◆ **EXERCISE REQUIREMENTS**
Starting from the first line, transcribe the whole listing exactly.

◆ **RECORDS FOR THE TASK**

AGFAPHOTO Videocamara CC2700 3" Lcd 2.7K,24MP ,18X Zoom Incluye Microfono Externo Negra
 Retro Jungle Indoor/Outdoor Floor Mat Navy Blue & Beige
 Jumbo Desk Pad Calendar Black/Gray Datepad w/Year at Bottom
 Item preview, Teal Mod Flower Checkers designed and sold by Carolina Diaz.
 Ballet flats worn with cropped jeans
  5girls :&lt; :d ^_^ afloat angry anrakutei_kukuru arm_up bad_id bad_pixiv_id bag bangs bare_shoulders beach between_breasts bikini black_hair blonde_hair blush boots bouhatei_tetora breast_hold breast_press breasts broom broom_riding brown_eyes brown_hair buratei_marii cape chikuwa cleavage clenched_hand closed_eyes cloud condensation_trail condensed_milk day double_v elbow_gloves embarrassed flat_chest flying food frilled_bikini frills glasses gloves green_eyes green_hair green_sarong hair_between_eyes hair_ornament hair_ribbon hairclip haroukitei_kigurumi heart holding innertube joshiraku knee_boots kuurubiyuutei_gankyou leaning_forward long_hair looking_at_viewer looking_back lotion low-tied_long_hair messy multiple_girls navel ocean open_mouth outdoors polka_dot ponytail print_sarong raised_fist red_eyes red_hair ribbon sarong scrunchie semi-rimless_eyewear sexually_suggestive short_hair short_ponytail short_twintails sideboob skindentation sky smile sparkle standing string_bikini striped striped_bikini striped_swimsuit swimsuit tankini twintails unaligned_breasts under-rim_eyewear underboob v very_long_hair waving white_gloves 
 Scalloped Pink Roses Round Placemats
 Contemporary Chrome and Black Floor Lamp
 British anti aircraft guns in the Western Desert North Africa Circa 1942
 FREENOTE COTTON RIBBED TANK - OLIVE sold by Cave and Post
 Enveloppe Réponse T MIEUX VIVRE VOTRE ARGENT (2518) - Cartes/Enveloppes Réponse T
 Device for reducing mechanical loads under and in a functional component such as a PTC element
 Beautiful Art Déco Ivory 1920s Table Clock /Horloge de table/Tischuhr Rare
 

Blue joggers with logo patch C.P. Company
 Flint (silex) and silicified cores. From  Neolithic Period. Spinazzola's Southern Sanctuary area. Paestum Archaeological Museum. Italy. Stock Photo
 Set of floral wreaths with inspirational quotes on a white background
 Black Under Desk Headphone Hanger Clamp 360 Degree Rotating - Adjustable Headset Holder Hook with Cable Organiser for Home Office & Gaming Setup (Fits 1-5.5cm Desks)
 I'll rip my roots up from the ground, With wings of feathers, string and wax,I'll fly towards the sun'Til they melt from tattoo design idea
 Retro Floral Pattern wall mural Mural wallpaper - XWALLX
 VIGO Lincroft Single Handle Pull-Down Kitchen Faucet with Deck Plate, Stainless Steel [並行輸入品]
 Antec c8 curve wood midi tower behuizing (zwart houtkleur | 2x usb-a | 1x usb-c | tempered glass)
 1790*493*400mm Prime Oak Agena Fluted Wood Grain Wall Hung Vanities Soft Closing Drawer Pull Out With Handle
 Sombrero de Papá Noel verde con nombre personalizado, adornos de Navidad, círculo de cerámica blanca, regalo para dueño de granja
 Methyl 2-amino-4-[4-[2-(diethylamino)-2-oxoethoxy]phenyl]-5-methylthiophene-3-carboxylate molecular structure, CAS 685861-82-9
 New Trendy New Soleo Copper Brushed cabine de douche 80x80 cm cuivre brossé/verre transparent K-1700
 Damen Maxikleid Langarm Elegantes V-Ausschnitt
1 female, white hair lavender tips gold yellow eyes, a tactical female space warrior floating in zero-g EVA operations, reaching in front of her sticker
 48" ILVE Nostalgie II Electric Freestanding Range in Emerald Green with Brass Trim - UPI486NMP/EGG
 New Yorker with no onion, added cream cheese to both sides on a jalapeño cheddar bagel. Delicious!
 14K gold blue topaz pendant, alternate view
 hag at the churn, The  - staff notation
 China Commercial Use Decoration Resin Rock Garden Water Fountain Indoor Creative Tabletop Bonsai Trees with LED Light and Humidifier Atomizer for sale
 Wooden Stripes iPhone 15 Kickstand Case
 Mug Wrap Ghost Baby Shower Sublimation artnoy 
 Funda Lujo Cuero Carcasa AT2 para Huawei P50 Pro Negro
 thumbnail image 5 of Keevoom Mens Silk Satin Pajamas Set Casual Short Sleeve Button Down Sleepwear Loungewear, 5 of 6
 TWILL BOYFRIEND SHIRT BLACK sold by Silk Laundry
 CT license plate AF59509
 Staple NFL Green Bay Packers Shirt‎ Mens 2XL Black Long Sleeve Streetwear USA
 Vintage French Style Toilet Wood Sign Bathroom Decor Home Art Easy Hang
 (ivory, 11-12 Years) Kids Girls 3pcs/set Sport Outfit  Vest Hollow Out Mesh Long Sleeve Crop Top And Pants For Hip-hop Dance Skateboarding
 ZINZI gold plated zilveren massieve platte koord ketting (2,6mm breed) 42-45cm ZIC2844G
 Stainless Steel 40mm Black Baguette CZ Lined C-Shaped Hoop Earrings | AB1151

◆ **TASK OUTPUT**
AGFAPHOTO Videocamara CC2700 3" Lcd 2.7K,24MP ,18X Zoom Incluye Microfono Externo Negra
 Retro Jungle Indoor/Outdoor Floor Mat Navy Blue & Beige
 Jumbo Desk Pad Calendar Black/Gray Datepad w/Year at Bottom
 Item preview, Teal Mod Flower Checkers designed and sold by Carolina Diaz.
 Ballet flats worn with cropped jeans
  5girls :&lt; :d ^_^ afloat angry anrakutei_kukuru arm_up bad_id bad_pixiv_id bag bangs bare_shoulders beach between_breasts bikini black_hair blonde_hair blush boots bouhatei_tetora breast_hold breast_press breasts broom broom_riding brown_eyes brown_hair buratei_marii cape chikuwa cleavage clenched_hand closed_eyes cloud condensation_trail condensed_milk day double_v elbow_gloves embarrassed flat_chest flying food frilled_bikini frills glasses gloves green_eyes green_hair green_sarong hair_between_eyes hair_ornament hair_ribbon hairclip haroukitei_kigurumi heart holding innertube joshiraku knee_boots kuurubiyuutei_gankyou leaning_forward long_hair looking_at_viewer looking_back lotion low-tied_long_hair messy multiple_girls navel ocean open_mouth outdoors polka_dot ponytail print_sarong raised_fist red_eyes red_hair ribbon sarong scrunchie semi-rimless_eyewear sexually_suggestive short_hair short_ponytail short_twintails sideboob skindentation sky smile sparkle standing string_bikini striped striped_bikini striped_swimsuit swimsuit tankini twintails unaligned_breasts under-rim_eyewear underboob v very_long_hair waving white_gloves 
 Scalloped Pink Roses Round Placemats
 Contemporary Chrome and Black Floor Lamp
 British anti aircraft guns in the Western Desert North Africa Circa 1942
 FREENOTE COTTON RIBBED TANK - OLIVE sold by Cave and Post
 Enveloppe Réponse T MIEUX VIVRE VOTRE ARGENT (2518) - Cartes/Enveloppes Réponse T
 Device for reducing mechanical loads under and in a functional component such as a PTC element
 Beautiful Art Déco Ivory 1920s Table Clock /Horloge de table/Tischuhr Rare
 

Blue joggers with logo patch C.P. Company
 Flint (silex) and silicified cores. From  Neolithic Period. Spinazzola's Southern Sanctuary area. Paestum Archaeological Museum. Italy. Stock Photo
 Set of floral wreaths with inspirational quotes on a white background
 Black Under Desk Headphone Hanger Clamp 360 Degree Rotating - Adjustable Headset Holder Hook with Cable Organiser for Home Office & Gaming Setup (Fits 1-5.5cm Desks)
 I'll rip my roots up from the ground, With wings of feathers, string and wax,I'll fly towards the sun'Til they melt from tattoo design idea
 Retro Floral Pattern wall mural Mural wallpaper - XWALLX
 VIGO Lincroft Single Handle Pull-Down Kitchen Faucet with Deck Plate, Stainless Steel [並行輸入品]
 Antec c8 curve wood midi tower behuizing (zwart houtkleur | 2x usb-a | 1x usb-c | tempered glass)
 1790*493*400mm Prime Oak Agena Fluted Wood Grain Wall Hung Vanities Soft Closing Drawer Pull Out With Handle
 Sombrero de Papá Noel verde con nombre personalizado, adornos de Navidad, círculo de cerámica blanca, regalo para dueño de granja
 Methyl 2-amino-4-[4-[2-(diethylamino)-2-oxoethoxy]phenyl]-5-methylthiophene-3-carboxylate molecular structure, CAS 685861-82-9
 New Trendy New Soleo Copper Brushed cabine de douche 80x80 cm cuivre brossé/verre transparent K-1700
 Damen Maxikleid Langarm Elegantes V-Ausschnitt
1 female, white hair lavender tips gold yellow eyes, a tactical female space warrior floating in zero-g EVA operations, reaching in front of her sticker
 48" ILVE Nostalgie II Electric Freestanding Range in Emerald Green with Brass Trim - UPI486NMP/EGG
 New Yorker with no onion, added cream cheese to both sides on a jalapeño cheddar bagel. Delicious!
 14K gold blue topaz pendant, alternate view
 hag at the churn, The  - staff notation
 China Commercial Use Decoration Resin Rock Garden Water Fountain Indoor Creative Tabletop Bonsai Trees with LED Light and Humidifier Atomizer for sale
 Wooden Stripes iPhone 15 Kickstand Case
 Mug Wrap Ghost Baby Shower Sublimation artnoy 
 Funda Lujo Cuero Carcasa AT2 para Huawei P50 Pro Negro
 thumbnail image 5 of Keevoom Mens Silk Satin Pajamas Set Casual Short Sleeve Button Down Sleepwear Loungewear, 5 of 6
 TWILL BOYFRIEND SHIRT BLACK sold by Silk Laundry
 CT license plate AF59509
 Staple NFL Green Bay Packers Shirt‎ Mens 2XL Black Long Sleeve Streetwear USA
 Vintage French Style Toilet Wood Sign Bathroom Decor Home Art Easy Hang
 (ivory, 11-12 Years) Kids Girls 3pcs/set Sport Outfit  Vest Hollow Out Mesh Long Sleeve Crop Top And Pants For Hip-hop Dance Skateboarding
 ZINZI gold plated zilveren massieve platte koord ketting (2,6mm breed) 42-45cm ZIC2844G
 Stainless Steel 40mm Black Baguette CZ Lined C-Shaped Hoop Earrings | AB1151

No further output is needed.